À Fouju, en Seine-et-Marne, le projet Campus AI, prévoit douze bâtiments dédiés au calcul répartis sur soixante-dix hectares et une capacité électrique pouvant atteindre 1,4 gigawatt. Quelques mois seulement après son lancement, Bpifrance, Mistral AI, MGX et NVIDIA ont annoncé leur intention de porter le programme à 3 gigawatts grâce à un second site dont la sélection est imminente. Ce simple chiffre suffit à mesurer le changement de nature du phénomène. Trois gigawatts ne relèvent plus du vocabulaire habituel de l'économie numérique. Nous entrons dans des ordres de grandeur traditionnellement associés aux grandes infrastructures énergétiques nationales, à des projets dont les montants d'investissement, les besoins de raccordement et les effets sur les territoires les rapprochent davantage des réseaux électriques ou des complexes industriels que des centres de données qui ont accompagné l'essor du cloud.

Ainsi le plus intéressant n'est pas la taille du projet, mais ce qu'il révèle. Pendant près de trois décennies, à mesure que les logiciels gagnaient en importance, les infrastructures disparaissaient progressivement du champ de vision. Les chaînes de valeur se dématérialisaient, les marges se concentraient dans les algorithmes, les plateformes et les effets de réseau. Le cloud avait réussi à rendre les serveurs invisibles, de la même manière que l'électricité avait rendu invisibles les centrales qui l'alimentaient. L'industrie technologique semblait avoir trouvé le moyen de créer toujours davantage de valeur tout en s'affranchissant progressivement des contraintes physiques qui avaient structuré les révolutions industrielles précédentes.
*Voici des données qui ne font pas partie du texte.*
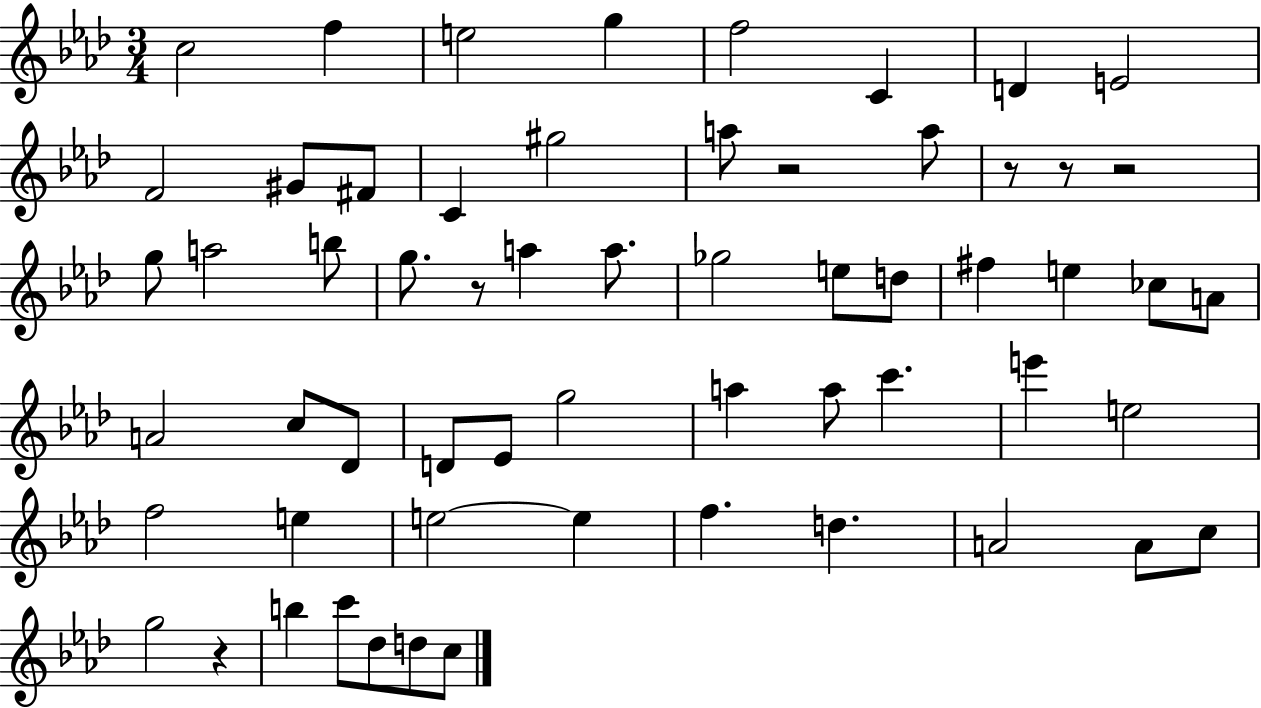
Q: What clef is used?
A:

L'intelligence artificielle vient bouleverser cet équilibre avec une force que peu avaient anticipée, non pas parce qu'elle remet en cause la logique économique du logiciel, mais parce qu'elle réintroduit au cœur même de cette logique des contraintes matérielles que l'industrie pensait avoir progressivement reléguées à l'arrière-plan : l'énergie, le foncier, les ressources hydriques, les infrastructures de transport électrique, les chaînes d'approvisionnement industrielles et la capacité à mobiliser des volumes de capital comparables à ceux observés historiquement dans les secteurs de l'énergie, des télécommunications ou des transports.
Autrement dit, plus l'intelligence artificielle progresse, plus elle ressemble à une industrie lourde.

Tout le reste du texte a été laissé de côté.